In this edition of The Checkout, we delve deep into the maqam, a system of melodic modes in Arabic music that produces exotic layers of sound and dense microtonal harmonies. ElSaffar combines these Iraqi traditions with his love of jazz in creating a stream of music that Western audiences aren’t accustomed to hearing. “Arabic music and jazz is not a very well explored territory,” he says. “There’s not a lot out there that’s holding up both ends of the conversation.”
In our conversation, ElSaffar made a point of connecting the maqam to one of his early trumpet influences, Miles Davis: “When I listen to ‘So What’ now, I hear it as a maqam, I don’t hear it as a mode. There’s one section of Not Two, the Rivers of Sound recording, that has the ‘So What’ modulation.”
Amir ElSaffar’s recording Not Two (New Amsterdam)CREDIT COURTESY OF ARTIST
ElSaffar works with musicians from East and West to achieve his unique compositional agenda. His Rivers of Sound ensemble features standard jazz instrumentation: saxophones, drums, bass and guitar. But it also highlights the sounds of oud, jowza, buzuq, mridangam — and santur, a Persian stringed hammered dulcimer, played by ElSaffar himself. He also employs western classical instruments such as violin, cello, oboe, and English horn to execute his wildly dynamic vision.
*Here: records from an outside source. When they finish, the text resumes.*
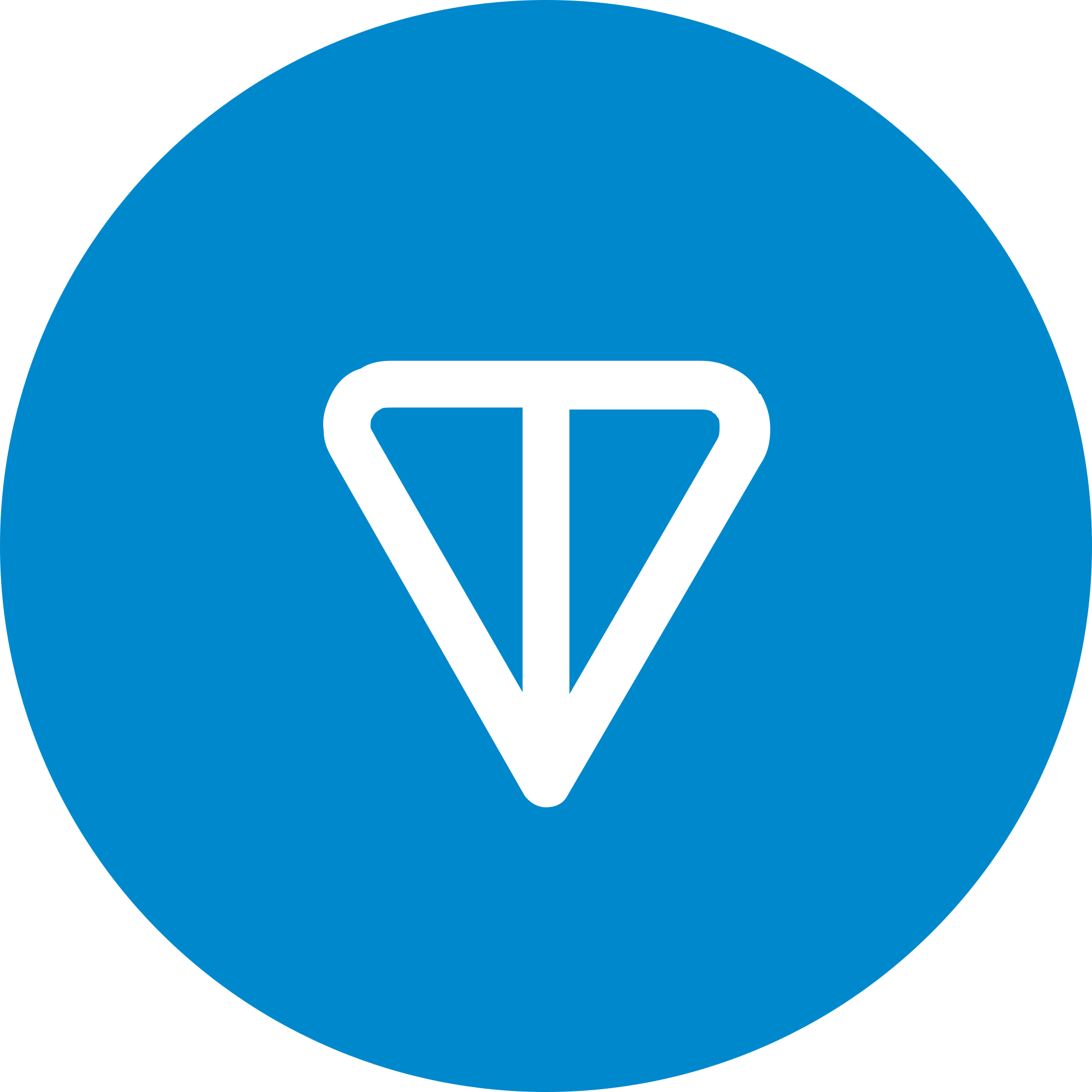 TON Portfolio Tracking logo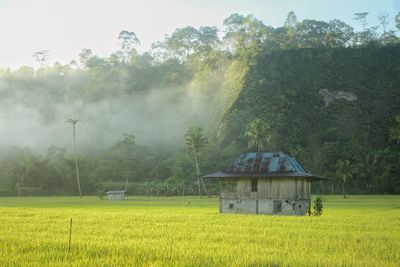 Scenic view of agricultural field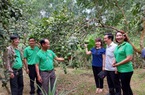 Thừa Thiên Huế trồng mới 1.000 ha cây ăn quả ở huyện Phong Điền, sẽ ưu tiên những loại cây nào? 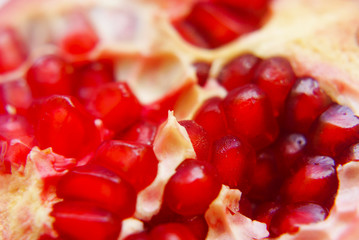 Close Up Pomegranate Seed In Selective Focus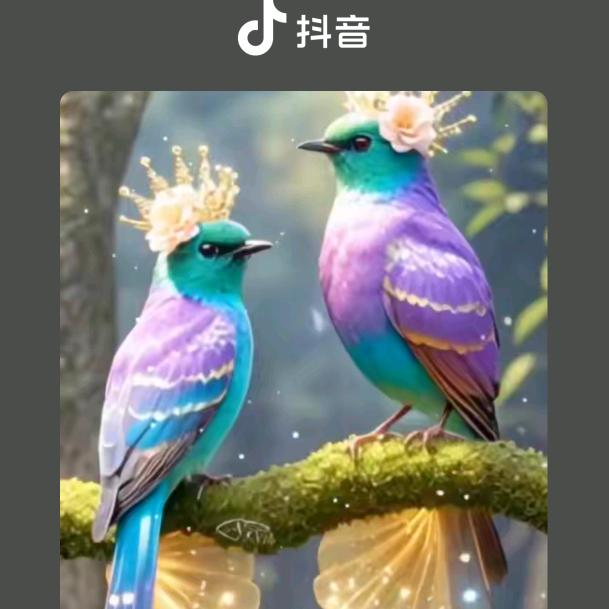 红柿子123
The result is an exhilarating wash of sound, layers upon layers, meant to induce a phenomena commonly known in maqam as tarab, a sense of having an out-of-body experience. “Maqam music itself is very embodied, in the microtones, in the modality, in the stability of the tonic,” says ElSaffar. “There is something as you listen longer and longer, and you get deeper into it. It’s something immersive.”